My parents said they had the theatre booked on the saturday night but if we were stuck could try & rearrange or cancel

So they did offer at that point to rearrange or cancel.

DH's parents were happy to come & stay so we accepted the invite & booked our flights

So the OP told her parents they didn't need to rearrange their plans. Now with 4 weeks to go she wants them to rearrange or cancel.

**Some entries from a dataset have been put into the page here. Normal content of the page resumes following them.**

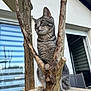 cat, gray_tabby, wood, branches, outdoor, house, window, chair, pet, animal, fur, whiskers, paws, curious, perched, nature, daylight, wooden_platform, domestic_cat, calm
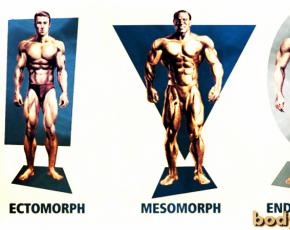 Эктоморф, эндоморф и мезоморф: как тренироваться при каждом типе телосложения
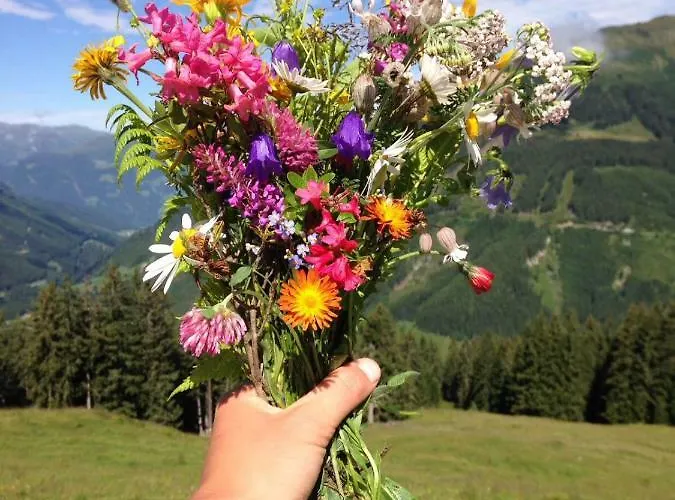 Badererhof Christine Wechselberger 3*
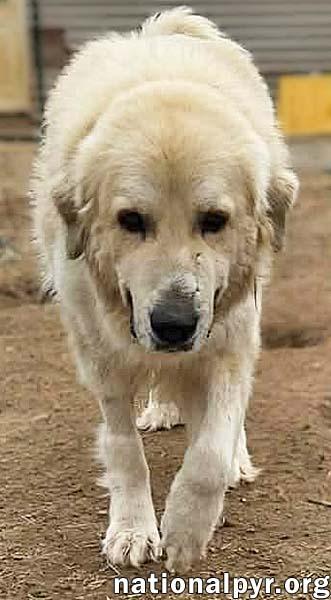 Enlarge Guinevere in TN - Low-Energy Velcro Dog!, an adopted Great Pyrenees in Jackson, TN image 3/3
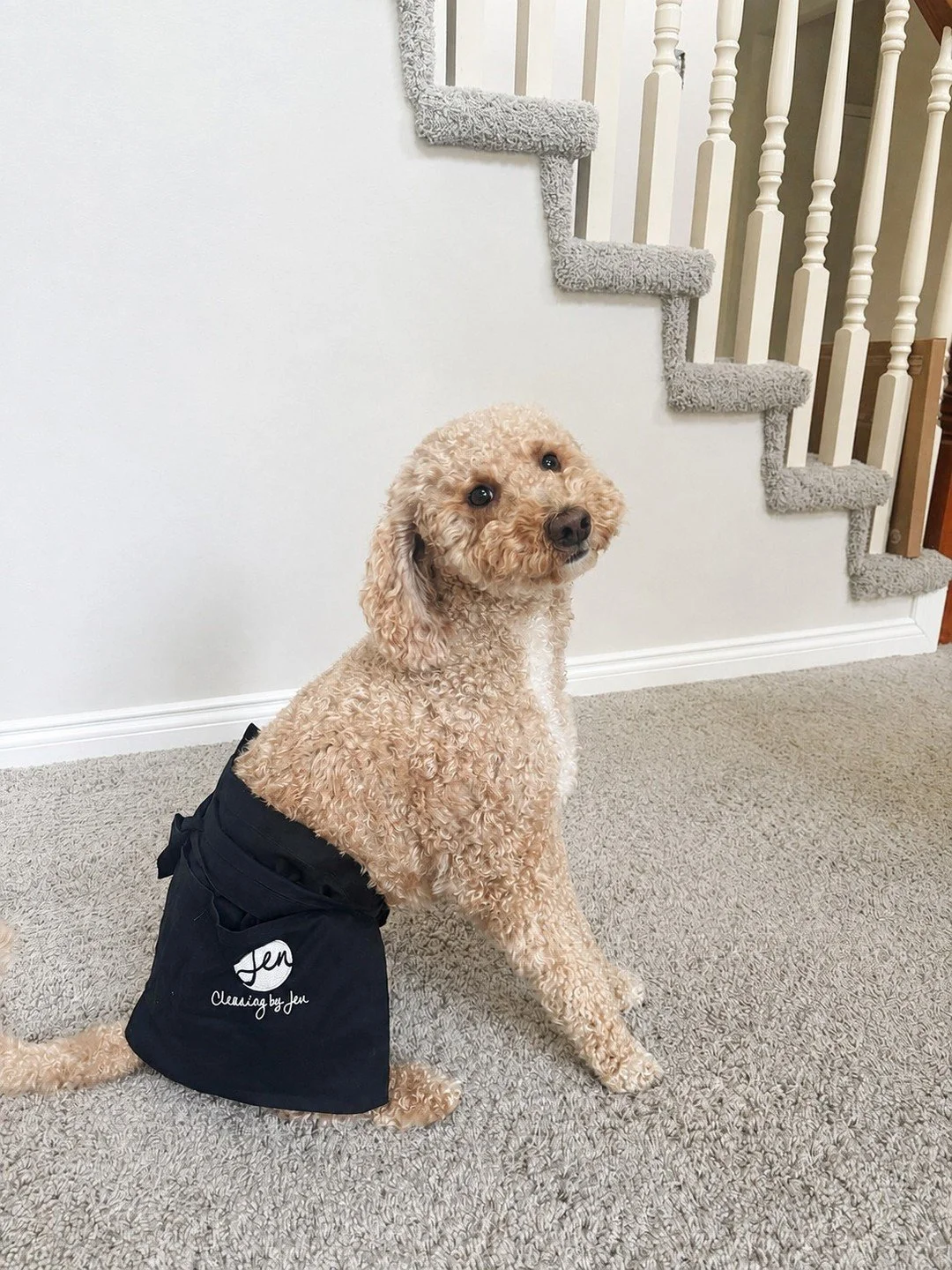 Happy National Dog Day to some of our favorite furry clients! 🐶🐾 We love seeing these sweet faces while caring for their homes. 💗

They might have a very good reason. It's a play - it might not be possible to rearrange and get tickets for another performance. They might be meeting up with other people they hardly ever see. Alternatively, they might be thinking "well, we offered, but at this late stage, we can't just drop everything at their beck and call". Or maybe "Well, there are two of them, they don't both need to go".

Also:
my folks have had them for an overnight stay a few times & (seem to) love having them although are totally knackered at the end of it!

Well if that's the case I think OP has a bit of a cheek asking them anyway. It certainly might explain their initial reluctance, and now their unwillingness to change their plans at this late stage.

Is it really that shocking that occasionally, parents have to miss out on things they would like to do? That's life when you have children, isn't it?

I wonder how many weekends away on their own they enjoyed when their children were young!